The second mistake: expecting it to be perfect on the first try
There's another common mistake closely related to this. Teams try AI, get a first output, find it "decent but not good enough," and conclude that AI doesn't work for their context. You see this pattern everywhere: one team runs a successful experiment, but the rest of the organization does nothing with it — not because the technology fails, but because no one translates the approach to other handoffs. Teams get stuck in isolated pilots that don't scale.
That's like giving a new colleague a project on day one, reviewing the result, and deciding they're not the right fit.
AI output is a starting point. The teams that get the most out of it work iteratively:
Capture: Record the conversation, strategy, or input in a structured format. Not "write a brief" but "here's the context, here are the goals, turn it into a spec with the open questions."
Refine: Enrich the first version. Add missing context, process feedback, make technical or creative decisions. This is where human expertise makes the difference. (Even better if you add all relevant information to something like a project in Claude, so it always has the full context available.)
Decompose: Break the whole into workable units. Not one big brief, but specific assignments per person, per channel, per audience, per phase, etc.
Implement: Only then do you execute. With context intact, with clear scope, and with a human check as the final step.
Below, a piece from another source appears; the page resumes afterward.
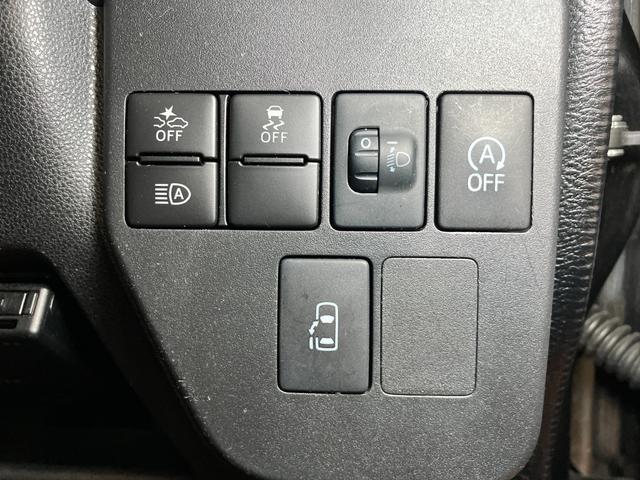 アトレーワゴンカスタムターボＲＳリミテッド　ＳＡIIIサポカーＳワイド適合　片側オートスライドドア　Ｂカメラ　ＵＳＢ接続端子　ＥＴＣ　アイドリングストップ　オートハイビーム　電動格納ミラー　パワーウインドウ　キーレス（神奈川県）の中古車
This might sound like a waterfall model, but it's actually the opposite. Every step is a feedback loop. It's about iterating deliberately, not prompting once and hoping for the best.
What you can do tomorrow
Map out where handoffs occur in your marketing process. Chances are you'll find more than you expect: from strategy to planning, from planning to brief, from brief to creation, from creation to review, from review to publication, from publication to analysis, from analysis to optimization.
Pick one. The handoff that goes wrong most often. And experiment with AI not as a writing machine, but as a context guardian: a tool that ensures what one person means actually reaches the next person intact.
And if the first output isn't perfect? Good. That's the starting point. Iterate. Refine. Make it better, and experience AI as an accelerator of a deliberate process.
And honestly — I just had a meeting with Peter where I kicked myself afterwards for not having AI listen in or taking notes myself. So in a way, I'm writing this article as a lesson for myself too. Tomorrow I'll do better.